Omit all pictures. Quote only the lines from the one with "Ask the funder" through the end of the material below.
——————————
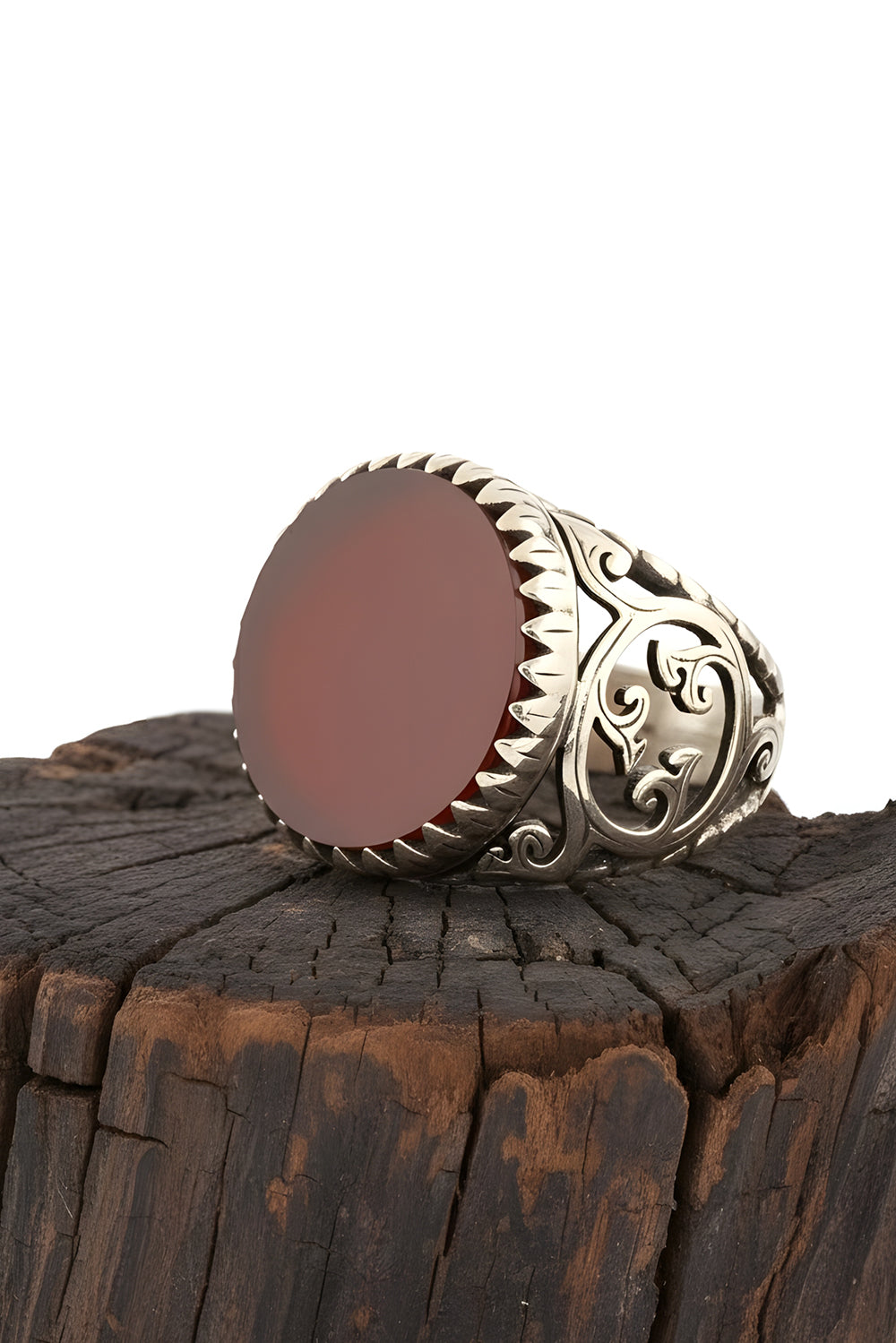 Mavren Red Agate Silver Ring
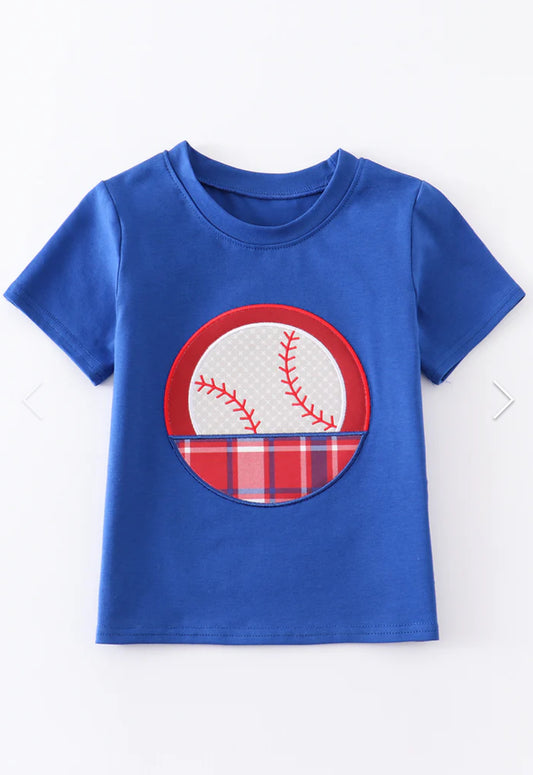 Blue Baseball Appliqué Boy Top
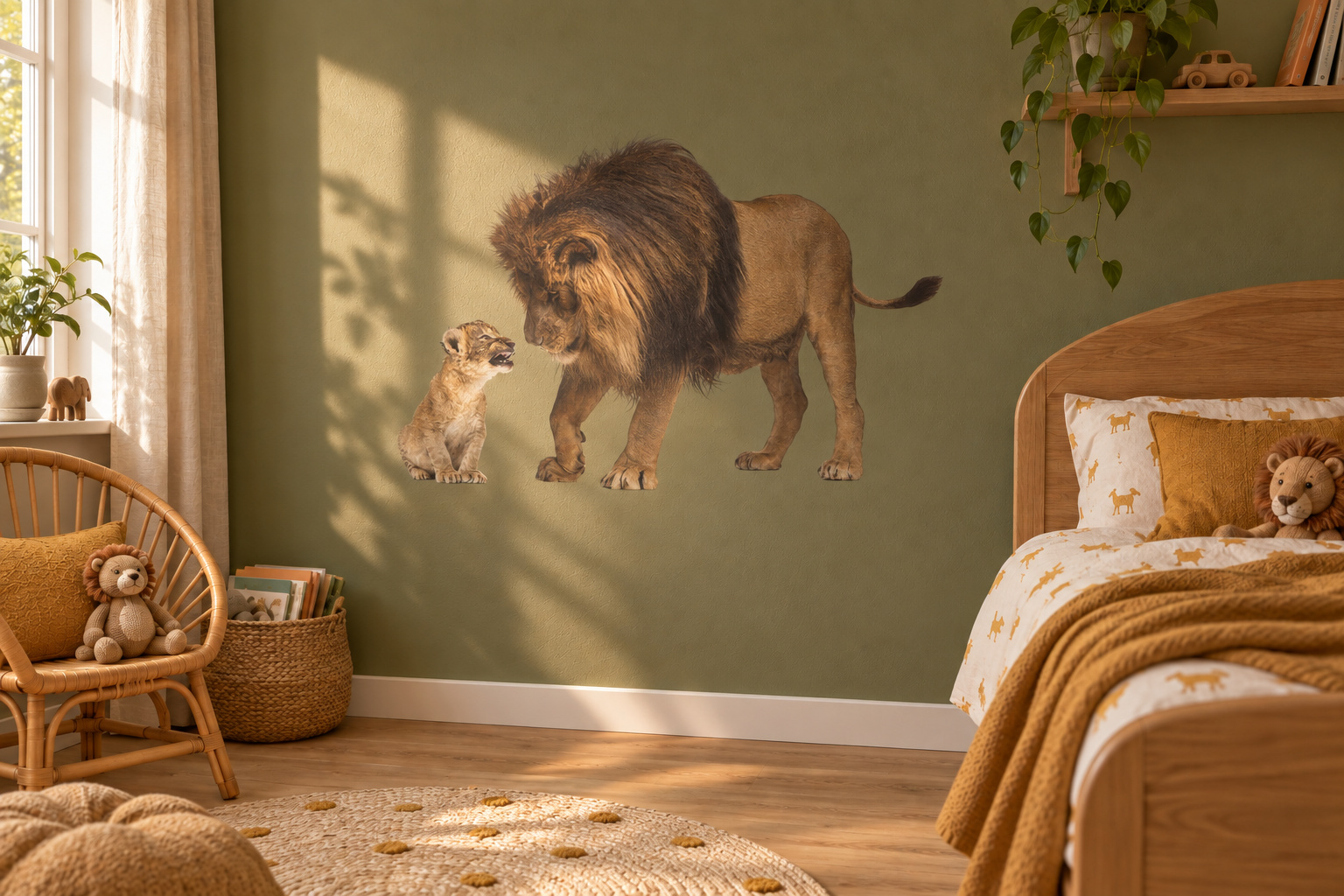 Muursticker Leeuw en Welpje, in de vorm van het dier uitgesneden en zonder witte rand, op een olijfgroene muur in een kinderkamer met houten meubels.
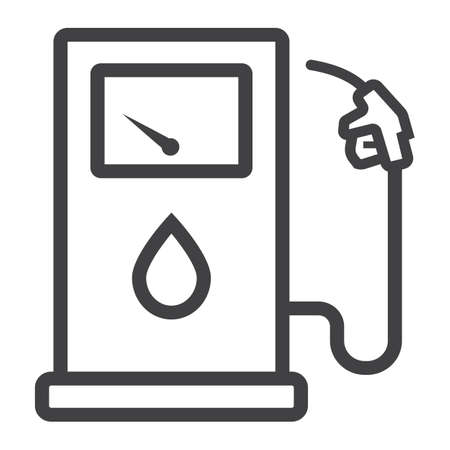 Gas station line icon, petrol and fuel, pump sign vector graphics, a linear pattern on a white background, eps 10.のイラスト素材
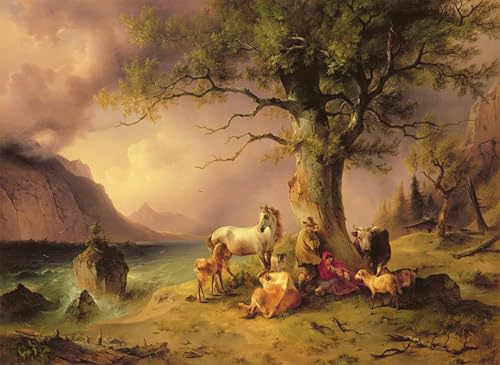 Pinturas murales retro para decorar salones elegantes cuadro Gauermann de 60x90cm para casa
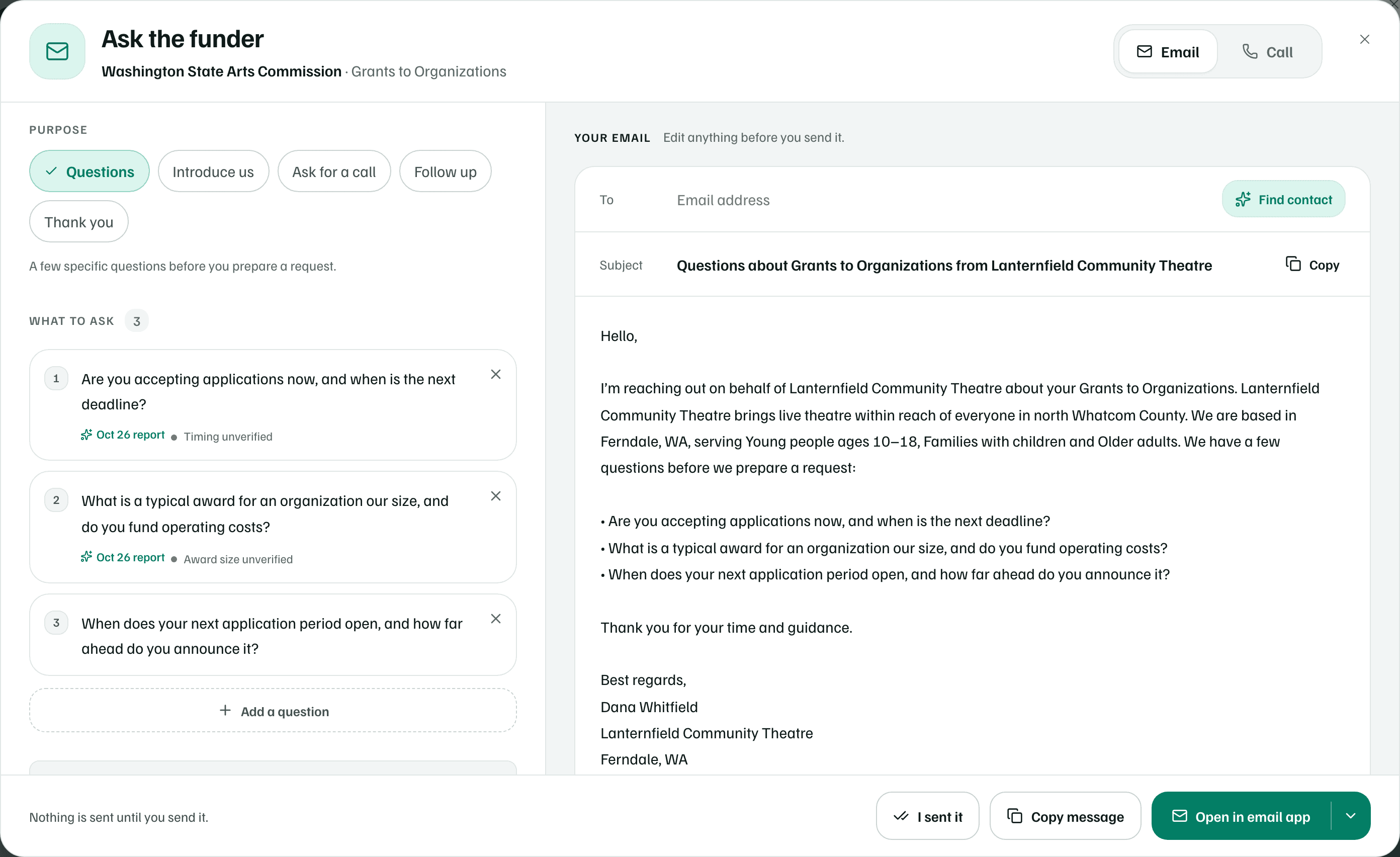 Ask the funder with three questions to ask, the last about when the next application period opens, and the email beside them listing all three.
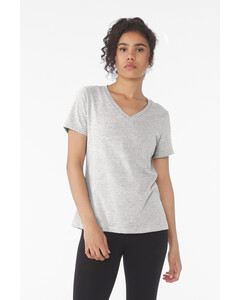 Bella + Canvas 6405CVC Gray-Women's Relaxed Heather CVC V-Neck T-Shirt Gray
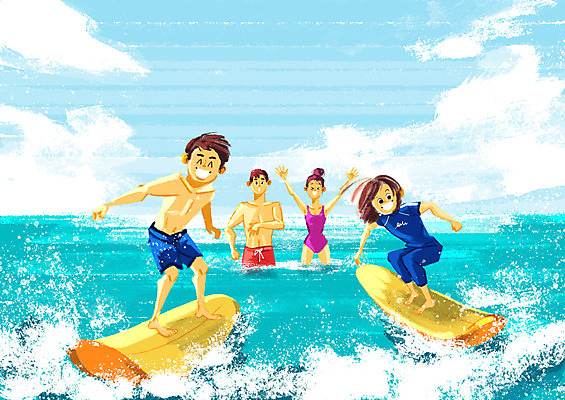 전신 PSD 구름 여자 남자 수영복 어린이 파도 바다 일러스트 가족 하늘 서기 사람 여러명 성인 여름휴가 바캉스 만세 서핑보드 즐거움 맞대결 래쉬가드 국내일러스트 자연요소 옷 감정 다수 관계 모션 휴가 보드_스포츠 파일형식 여름_계절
——————————
■ **Reply to the exercise**:
 Ask the funder with three questions to ask, the last about when the next application period opens, and the email beside them listing all three.
 Bella + Canvas 6405CVC Gray-Women's Relaxed Heather CVC V-Neck T-Shirt Gray
 전신 PSD 구름 여자 남자 수영복 어린이 파도 바다 일러스트 가족 하늘 서기 사람 여러명 성인 여름휴가 바캉스 만세 서핑보드 즐거움 맞대결 래쉬가드 국내일러스트 자연요소 옷 감정 다수 관계 모션 휴가 보드_스포츠 파일형식 여름_계절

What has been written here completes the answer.